Lambda School Data Science, Unit 2: Predictive Modeling

# Applied Modeling, Module 1

You will use your portfolio project dataset for all assignments this sprint.

## Assignment

Complete these tasks for your project, and document your decisions.

- [x] Choose your target. Which column in your tabular dataset will you predict?
- [x] Choose which observations you will use to train, validate, and test your model. And which observations, if any, to exclude.
- [x] Determine whether your problem is regression or classification.
- [x] Choose your evaluation metric.
- [x] Begin with baselines: majority class baseline for classification, or mean baseline for regression, with your metric of choice.
- [x] Begin to clean and explore your data.
- [x] Choose which features, if any, to exclude.
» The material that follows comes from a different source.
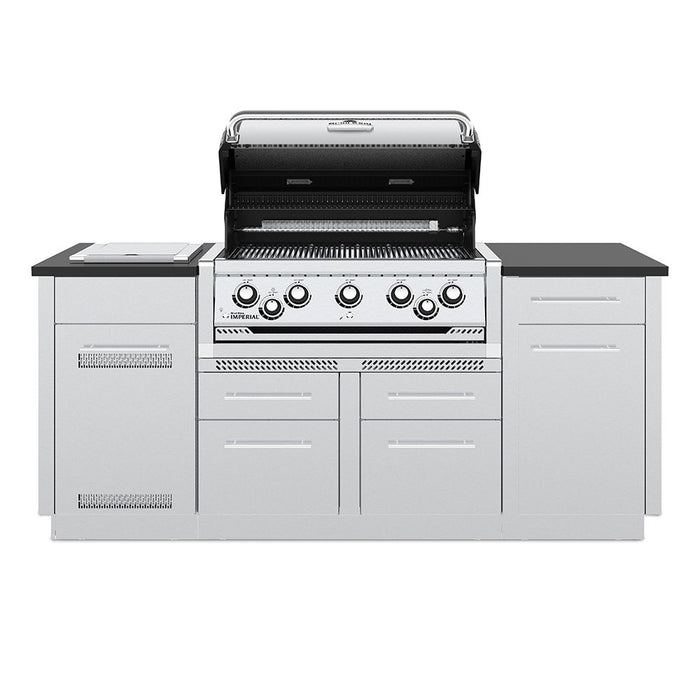 Broil King Imperial S 590i Gas Grill BK89684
Would some features "leak" information from the future? **No**

## Reading
- [Attacking discrimination with smarter machine learning](https://research.google.com/bigpicture/attacking-discrimination-in-ml/), by Google Research, with  interactive visualizations. _"A threshold classifier essentially makes a yes/no decision, putting things in one category or another. We look at how these classifiers work, ways they can potentially be unfair, and how you might turn an unfair classifier into a fairer one. As an illustrative example, we focus on loan granting scenarios where a bank may grant or deny a loan based on a single, automatically computed number such as a credit score."_
- [How Shopify Capital Uses Quantile Regression To Help Merchants Succeed](https://engineering.shopify.com/blogs/engineering/how-shopify-uses-machine-learning-to-help-our-merchants-grow-their-business)
- [Maximizing Scarce Maintenance Resources with Data: Applying predictive modeling, precision at k, and clustering to optimize impact](https://towardsdatascience.com/maximizing-scarce-maintenance-resources-with-data-8f3491133050), **by Lambda DS3 student** Michael Brady. His blog post extends the Tanzania Waterpumps scenario, far beyond what's in the lecture notebook.
- [Notebook about how to calculate expected value from a confusion matrix by treating it as a cost-benefit matrix](https://github.com/podopie/DAT18NYC/blob/master/classes/13-expected_value_cost_benefit_analysis.ipynb)
- [Simple guide to confusion matrix terminology](https://www.dataschool.io/simple-guide-to-confusion-matrix-terminology/) by Kevin Markham, with video
- [Visualizing Machine Learning Thresholds to Make Better Business Decisions](https://blog.insightdatascience.com/visualizing-machine-learning-thresholds-to-make-better-business-decisions-4ab07f823415)

In [0]:
# If you're in Colab...
import os, sys
in_colab = 'google.colab' in sys.modules

if in_colab:
    # Install required python package:
    # category_encoders, version >= 2.0
    !pip install --upgrade category_encoders
    
    # Pull files from Github repo
    os.chdir('/content')
    !git init .
    !git remote add origin https://github.com/LambdaSchool/DS-Unit-2-Applied-Modeling.git
    !git pull origin master
    
    # Change into directory for module
    os.chdir('module1')

## Research

https://www.sciencedirect.com/science/article/pii/S0968090X18311021

https://academic.oup.com/tse/advance-article/doi/10.1093/tse/tdy001/5306170

## Import multiple files from directory and `concat` into single df

Example: 

https://stackoverflow.com/questions/20908018/import-multiple-excel-files-into-python-pandas-and-concatenate-them-into-one-dat
https://stackoverflow.com/questions/20906474/import-multiple-csv-files-into-pandas-and-concatenate-into-one-dataframe


In [0]:
# this is from 2014 - April 2017
df_2014_to_2017_url = 'https://www.toronto.ca/ext/open_data/catalog/data_set_files/Subway%20&%20SRT%20Logs%20(Jan01_14%20to%20April30_17).xlsx'

# TRAIN
df_2017_May_url = "https://www.toronto.ca/ext/open_data/catalog/data_set_files/Subway%20&%20SRT%20Logs%20(May%202017).xlsx"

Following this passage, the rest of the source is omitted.